La commune de Saint-Ouen-Marchefroy, distante d'Anet, de 6 kilomètres, est traversée de l'est à l'ouest, par une voie romaine, appelée aussi le grand chemin de Normandie; cette voie se soudait, à Richebourg, à la voie romaine de Dreux à Paris et de Dreux à Mantes.
Elle traversait Saint-Lubin de la Haye, prés de la butte du Châtelet et la porte prétorienne d'un ancien camp, puis Saint Ouen, prés de la butte, dite du Sacrifice, descendait ensuite à la Chaussée d'Ivry (Calciata), se dirigeait sur Evreux, où elle se raccordait avec les voies diverses qui sillonnaient la Normandie.
Vous nous excuserez, en commençant de nous laisser entraîner dans ces détails, à cause des souvenirs historiques que cette voie nous rappelle, précisément à cause du sujet qui fait aujourd'hui l'objet de notre épisode.
D'ailleurs personne n'ignore que les voies romaines, oeuvres gigantesques d'un grand peuple conquérant, ont servi comme viabilité, non seulement jusqu'à la chute de l'Empire romain dans les Gaules arrivé en 476, mais qu'elles ont encore au XVlle siècle servi de jalons pour l'établissement des routes qui, à cette époque ont été construites en France.
SAINT OUEN et MARCHEFROY, sont reliés par un chemin qui traverse la voie romaine, aujourd'hui, route d'Ivry à Houdan.
Sur le côté gauche, à l'embranchement de ces chemins, sont plantées cinq croix de pierre. Nous fûmes très étonnés à la vue de ces cinq croix, et persuadés qu'elles devaient se rattacher à quelque fait historique, nous en parlâmes à certaines personnes qui ne purent nous donner aucun renseignement précis. Dans l'annuaire d'Eure-et-Loir, nous lûmes ceci: "On remarque près de SAINT OUEN, cinq croix plantées dans un petit carrefour, elles sont connues sous la dénomination des Cinq Croix de France, signe de leur antiquité. "Cela ne nous apprenait rien et ne servait qu'à exciter notre curiosité.

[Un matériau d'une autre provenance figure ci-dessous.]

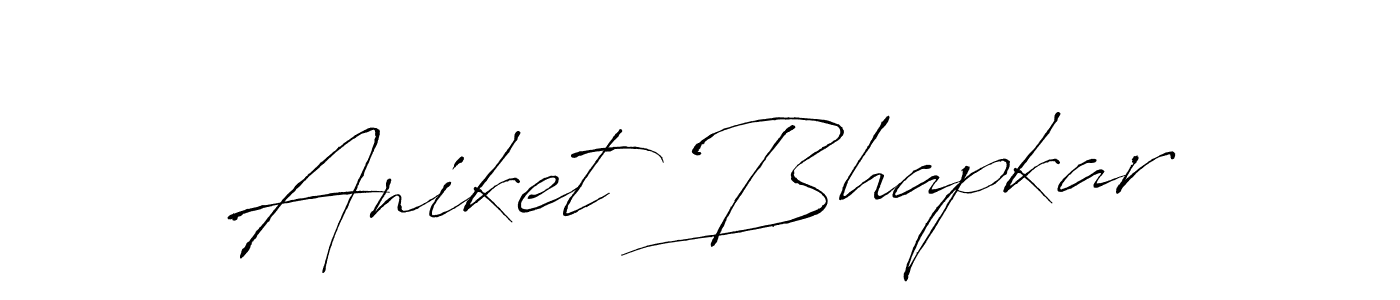 Also You can easily find your signature by using the search form. We will create Aniket Bhapkar name handwritten signature images for you free of cost using Antro_Vectra sign style. Aniket Bhapkar signature style 6 images and pictures png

Enfin, nous fûmes plus heureux auprès de M. l'abbé GROMARD, alors curé de SAINT OUEN, qui nous communiqua une tradition légendaire, conservée dans le pays, tradition qui nous permit de retrouver la date et les circonstances du grand événement qui a donné lieu à ce souvenir historique, des Cinq Croix de France.
C'est le résultat de nos recherches que nous venons vous communiquer en ce jour dans cette séance tenue à Anet, éloigné, comme nous l'avons déjà dit de quelques kilomètres de SAINT OUEN.
Nous aurions désiré vous offrir un travail plus complet, mais le cadre très restreint dans lequel nous voulons nous renfermer, ne l'a pas permis.
En 1087, GUILLAUME LE CONQUERANT, duc de Normandie et roi d'Angleterre, quitta de nouveau son royaume qu'il ne devait plus revoir; il arrivait, animé des sentiments les plus hostiles contre la France, et surtout contre le roi PHILIPPE 1er, son suzerain, à cause du Comté du Vexin.
Voici quel fut le sujet de la nouvelle querelle survenue en 1086 entre les deux souverains: HUGUES DE CESOEIL et RAOUL MAUVOISIN, gouverneur de MANTES, ayant pris les armes passèrent la rivière d'Eure et vinrent nuitamment en différentes fois, ravager les terres de GUILLAUME DE BRETEUIL, Seigneur de PACY et de ROGER D'IVRY, du parti d'Angleterre, emmenant les troupeaux, faisant des prisonniers et reprochant aux Normands d'être sans courage.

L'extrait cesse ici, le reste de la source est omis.